Soziale Rolle / Soziale Position


Seminararbeit, 1998

15 Seiten, Note: 2,7


Leseprobe

Gliederung der Hausarbeit:

Einleitung

1) Begriffsdefinitionen
1.1 Soziale Rolle
1.2 Soziale Position

2) Kernbedeutung/ Randbedeutung
2.1 Zum Positionsbegriff
2.2 Zum Rollenbegriff
2.3 Die Beziehung: Soziale Rolle/ soziale Position
2.3.1 Von der Position zur Rolle

3) Begriffliche Differenzierungen im Anschluß an das Rollenkonzept des „Homo Sociologicus“ (1.-5.)
3.1 Paradigmen der Rollenanalyse

4) Die Rollen - Theorien (Kritik)
4.1 Die Rollentheorie von Talcott Parson
4.2 Das interaktionistische Rollen - Konzept (nach Mead)
4.2.1 Zur symbolisch - interaktionistischen Perspektive
4.3 Kritik
4.3.1 Kritik an der strukturell - funktionalen Rollen - Theorie
4.3.2 Kritik an dem interaktionistischen Rollen - Konzept

5) Literaturverzeichnis

Einleitung:

In dieser Abhandlung soll es darum gehen, zu erklären, wie soziale Interaktion funktioniert.
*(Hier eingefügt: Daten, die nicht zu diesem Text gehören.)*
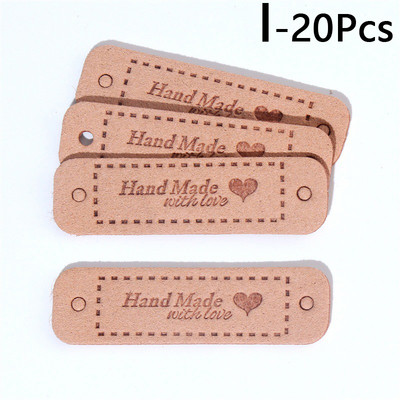 20 vnt. rankų darbo su meile Etiketės Drabužių etiketės Rankų darbo PU odos etiketės „Pasidaryk pats“ Kepurės Krepšiai Siuvimo etiketės Drabužių priedai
Die Begriffe „Rolle“ und „Position“ sollen als feste Begriffe dazu dienen, dynamische Prozesse in einer statischen Relation zu veranschaulichen.

Ziel der unter Punkt 4 angeführten Rollentheorien ist, zu erklären, wie Interaktion trotz Individuation und prinzipiell nur begrenzter Erkennbarkeit des anderen dennoch möglich ist.

Als Gegebenheit werden Individualität, Sozialität und gegenseitige Abhängigkeit der Menschen untereinander angenommen.

Der Positionsbegriff stellt den einzelnen in den Zusammenhang von Organisationssystemen, der Rollenbegriff in den von Interaktionssystemen.

1) Begriffsdefinitionen

1.1) Der Begriff: Soziale Rolle

Der Begriff „soziale Rolle“ wird definiert als „ ein Bündel normativer Verhaltenserwartungen, die von einer Bezugsgruppe oder mehreren Bezugsgruppen an Inhaber bestimmter sozialer Positionen herangetragen werden.

Rollen sorgen für ein regelmäßiges, vorhersagbares Verhalten als Voraussetzung für kontinuierlich planbare Interaktionen und erfüllen somit eine allgemeine soziale Orientierungsfunktion.“[1]

Die Verhaltenserwartungen werden zwar an Individuen herangetragen, beziehen sich aber auf die sozialen Positionen, die die Individuen einnehmen, sind also auf Individuen als Positionsträger gerichtet. Die Bezugsgruppen erwarten von dem Positionsträger, daß er bestimmte Dinge tut, andere unterläßt. „Sie sind die Regisseure für sein Rollenspiel im wirklichen Leben. Sie schauen darauf, daß er das tut, was man ihrer Meinung nach in seiner Position tun sollte, sie haben normative Erwartungen[2]

Die Bezugsgruppen wären überrascht, wenn der Positionsträger etwas ganz anderes unternimmt als es ein Inhaber seiner Position gemeinhin tut - Sie haben antizipatorische Erwartungen.

Nebenbetrachtung: Internalisierung von Rollen

Die tatsächliche Erfüllung der Rollenerwartung erfolgt jedoch vor allem durch die im Verlauf des Sozialisationsprozesses erfolgten Internalisierung der Erwartungen.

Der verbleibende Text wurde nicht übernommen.